I’m not aware of any call limits, but do be kind to their system and only grab what you really can use. See Wayback API documentation for more information.
Table of Contents
Requirements and Assumptions
- Python 3 is installed and basic Python syntax understood
- Access to a Linux installation (I recommend Ubuntu) or a Jupyter/Collab notebook
Starting the Script
First, let’s import a user agent module to help not get denied by Wayback’s API.
pip3 install fake-useragent
Next, we import our required modules. We use requests and fake_useragent to call the API, JSON, and re (regular expressions) to handle the response.
import requests import json import re from fake_useragent import UserAgent
Craft the Wayback API Call
In the code below we are grabbing the epoch timestamp for today, but you could modify this to find the nearest snapshot at any time in history (from Wayback’s inception).
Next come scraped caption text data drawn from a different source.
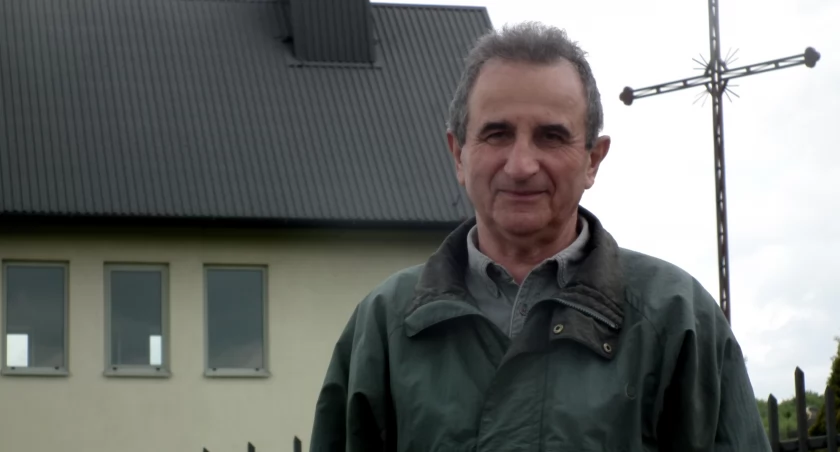 Miał trzy lata, gdy jego rodzice przyjęli pod dach żydowską rodzinę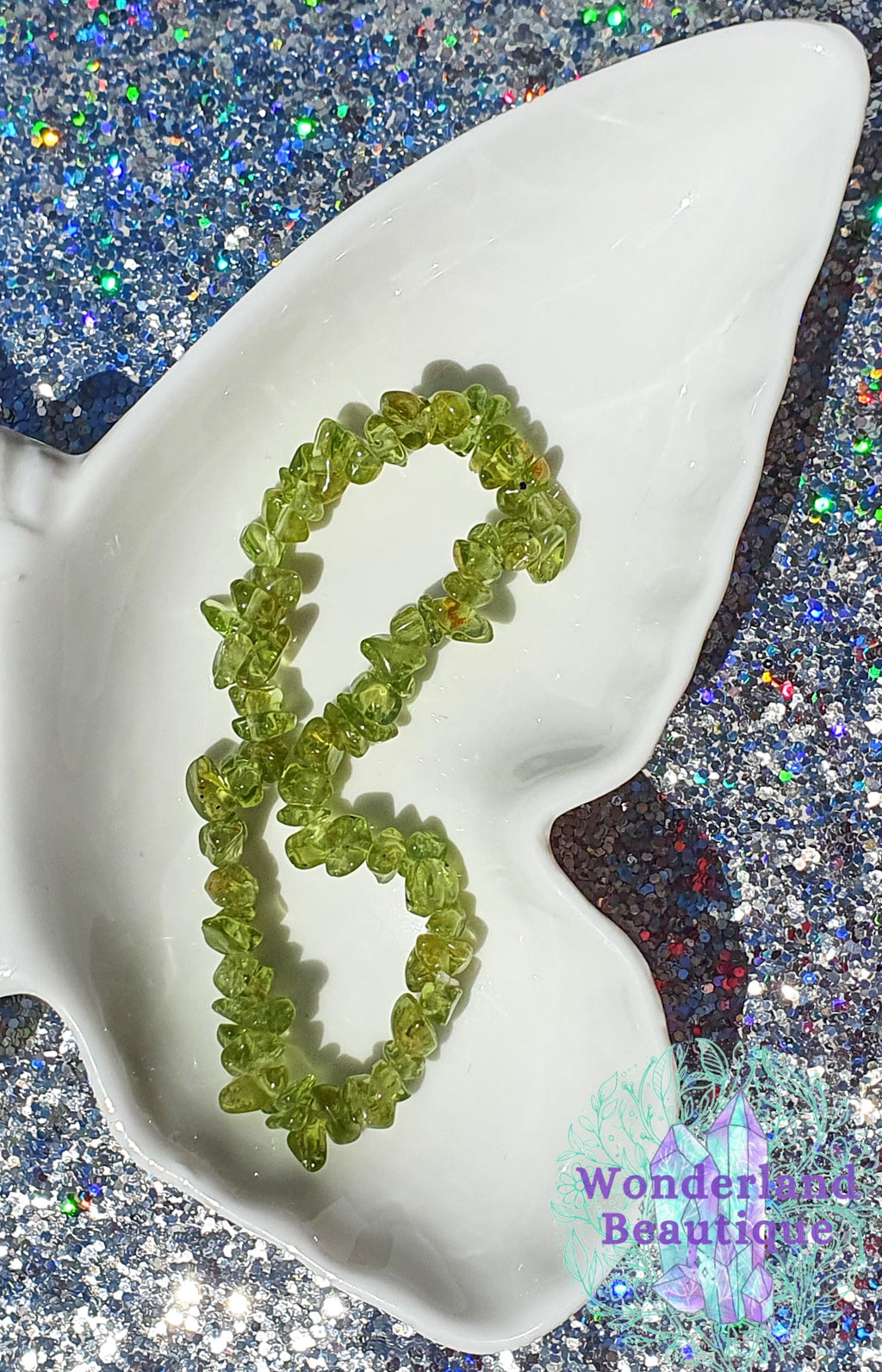 Wonderland Beautique - Peridot Chipped Bracelet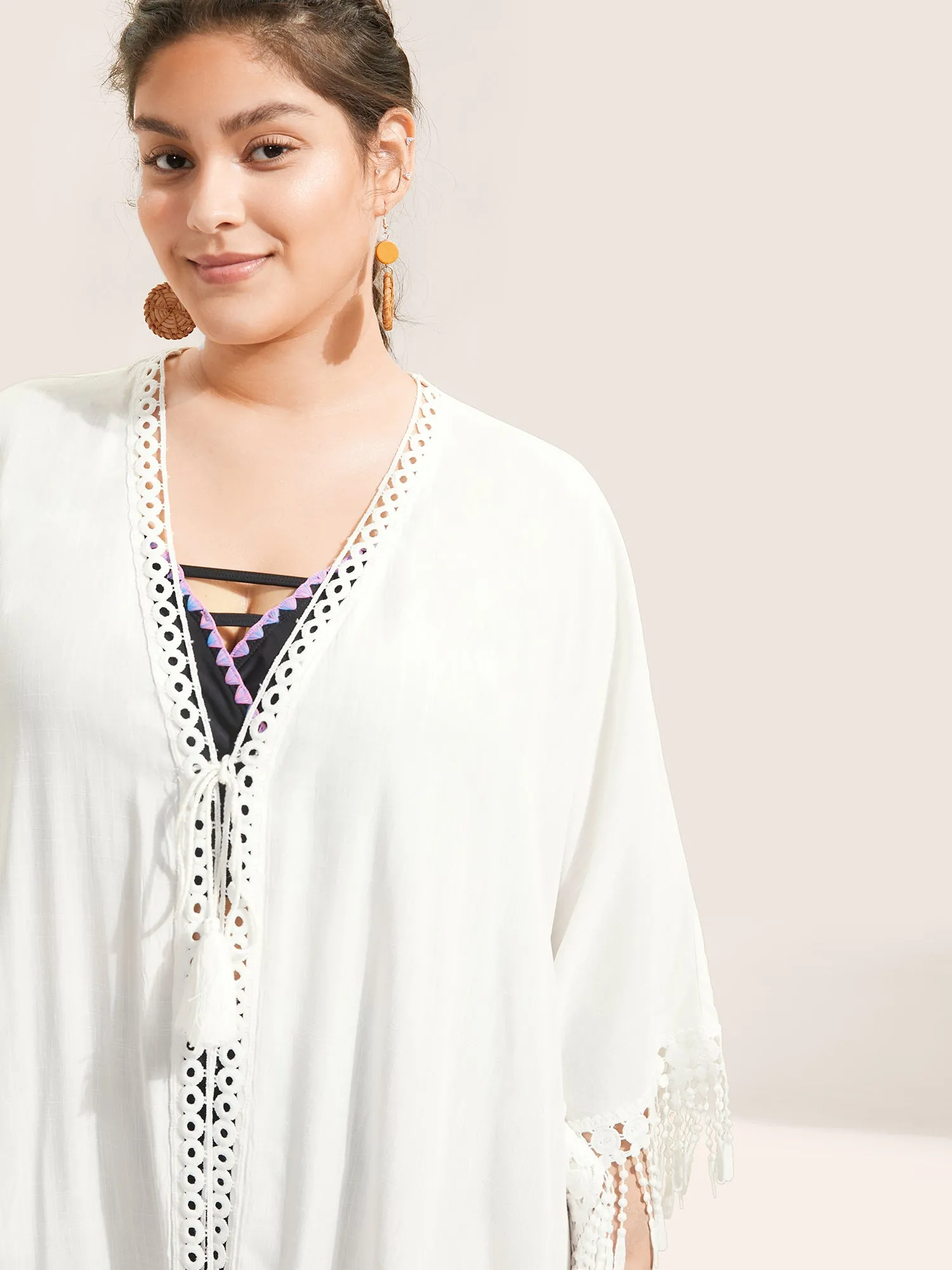 Solid Tie Knot Lace Trim Tassels Kimono sold by Bloomchic product image thumbnail 2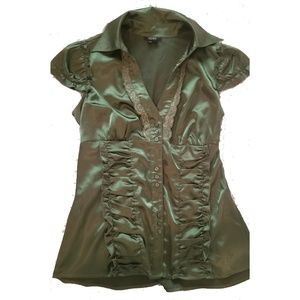 Womens size M XOXO V neck button up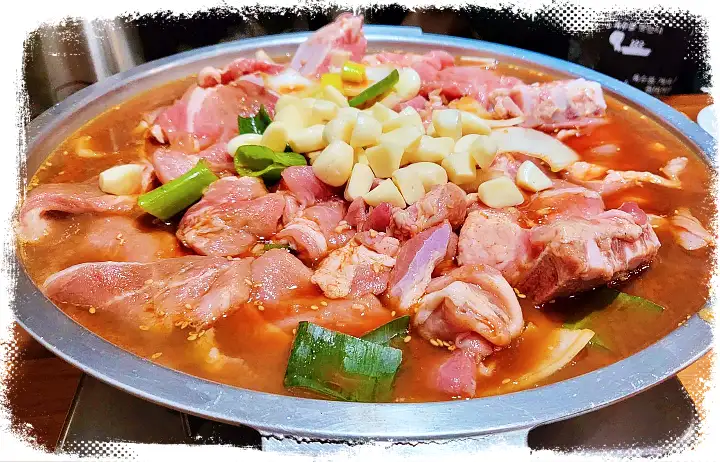 줄서는식당 46회 김정태 쫄갈비 시래기밥 매운불고기 돼지쫄갈비 콩나물 해장국 성신여대 입구 돈암동 맛집 권율 추천 소개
Use this epoch converter to help convert human date time to machine date time. Be sure to replace the URL below with your site/page.
url = "https://www.importsem.com" ua = UserAgent() headers = {"user-agent": ua.chrome} timestamp = datetime.now().timestamp() wburl = "https://archive.org/wayback/available?url="+url+"×tamp=" + str(timestamp)
Make the Wayback API Call
Now we are ready to use the requests module to make the API call. Luckily the API call is a very simple query string type. We load the URL, and header information and we can trust Wayback Machine and disable certificate validation which sometimes trips up the call. Then we load the JSON response into a data variable.
response = requests.get(wburl,headers=headers,verify=False) data = response.json()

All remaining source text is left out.